> had to iterate with them for 4/5 times each. Gemini got it right but then used deprecated methods

How hard would it be to automate these iterations?

How hard would it be to automatically check and improve the code to avoid deprecated methods?

I agree that most products are still underwhelming, but that doesn't mean that the underlying tech is not already enough to deliver better LLM-based products. Lately I've been using LLMs more and more to get started with writing tests on components I'm not familiar with, it really helps.

▲

jaccola 3 months ago | parent | next [-]

How hard can it be to create a universal "correctness" checker? Pretty damn hard!

Our notion of "correct" for most things is basically derived from a very long training run on reality with the loss function being for how long a gene propagated.

	▲	hiq 3 months ago \| parent [-]
		You don't need a full correctness checker to get a useful product though. New code generated by the current generation of LLMs, which also compiles and passes existing tests, is likely to be somewhat useful in my experience. The problem is that we still get too much code that doesn't pass these basic requirements.

▲

henryjcee 3 months ago | parent | prev | next [-]

> How hard would it be to automate these iterations?

The fact that we're no closer to doing this than we were when chatgpt launched suggests that it's really hard.
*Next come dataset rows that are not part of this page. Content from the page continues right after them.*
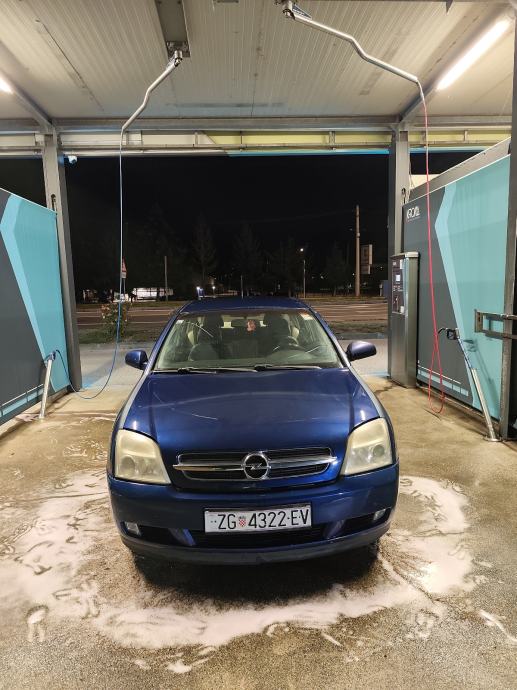 Opel Vectra 2,2, fotografija 2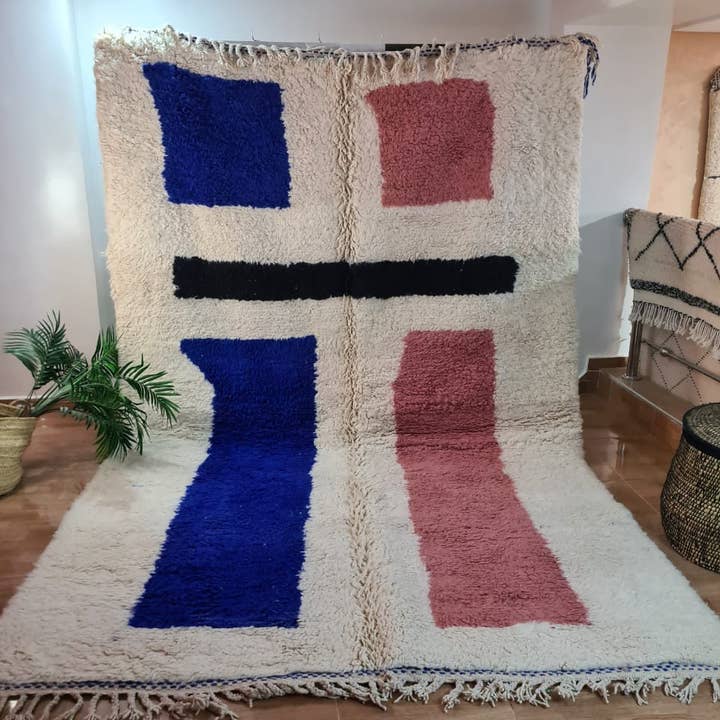 TAPIS FAITS MAIN TAPIS MAROCAINS 200 - 300 cm 343 pour la vente par Maroccarpets Poufs and pillows wholesale +31648976894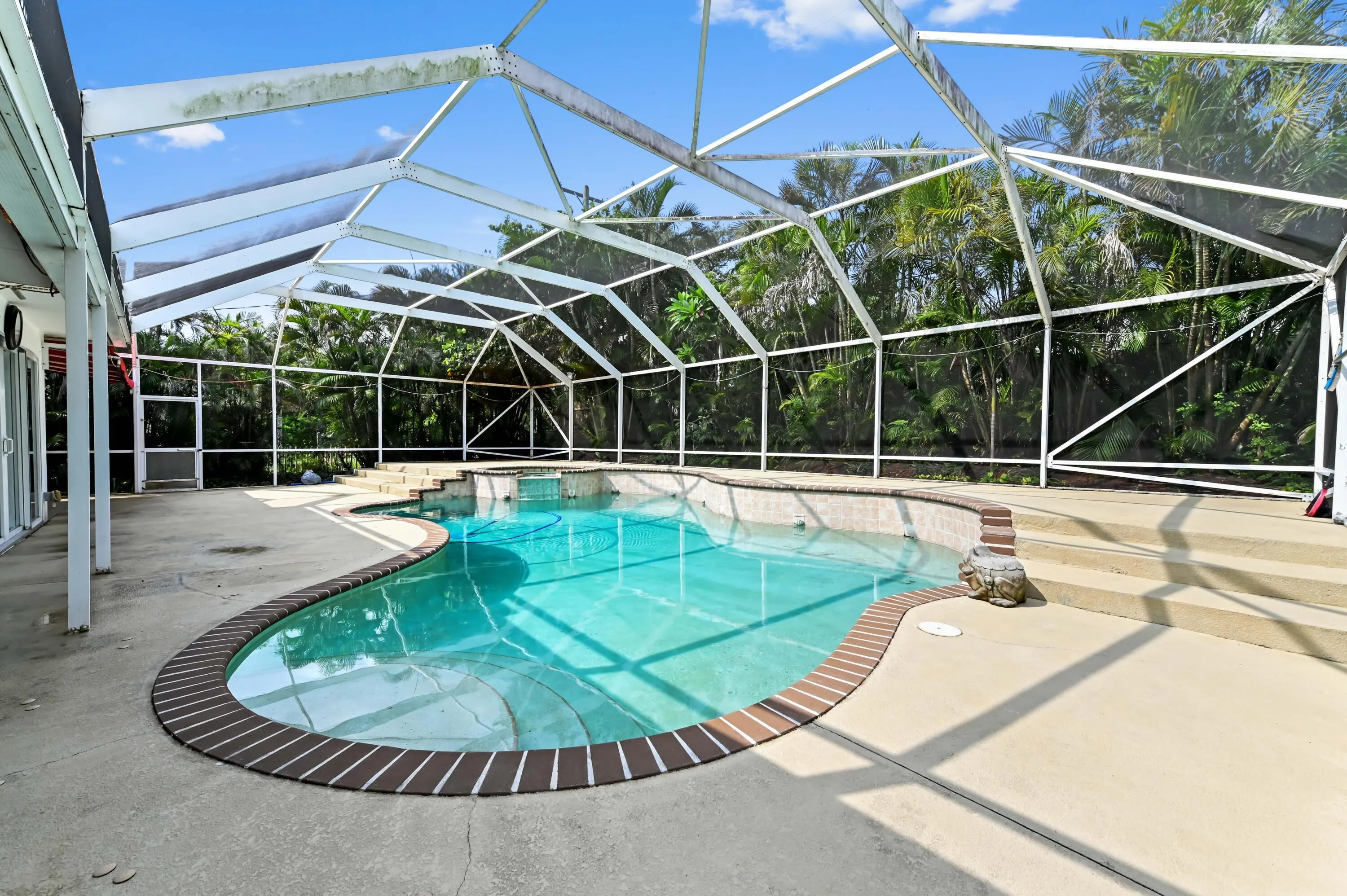 21 Pool 01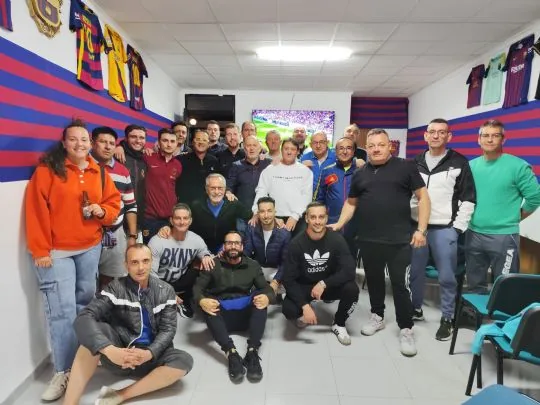 Las peñas barcelonistas de Totana y Cehegín colaboran en la peregrinación a Caravana con personas privadas de libertad del Centro Penitenciario de Murcia
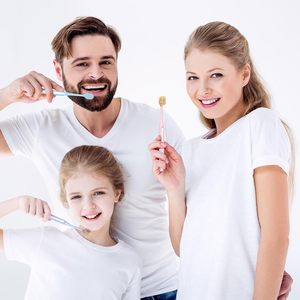 Brosse à dents pour adulte à poignée large en nylon souple, poils en nylon haute densité, manche en plastique - Product Image 2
If anything I think it's _the_ hard bit vs. building something that generates plausible text.

Solving this for the general case is imo a completely different problem to being able to generate plausible text in the general case.

▲

HDThoreaun 3 months ago | parent [-]

This is not true. The chain of logic models are able to check their work and try again given enough compute.

	▲	lelandbatey 3 months ago \| parent [-]
		They can check their work and try again an infinite number of times, but the rate at which they succeed seems to just get worse and worse the further from the beaten path (of existing code from existing solutions) that they stray.

▲

9dev 3 months ago | parent | prev [-]

How hard would it be, in terms of the energy wasted for it? Is everything we can do worth doing, just for the sake of being able to?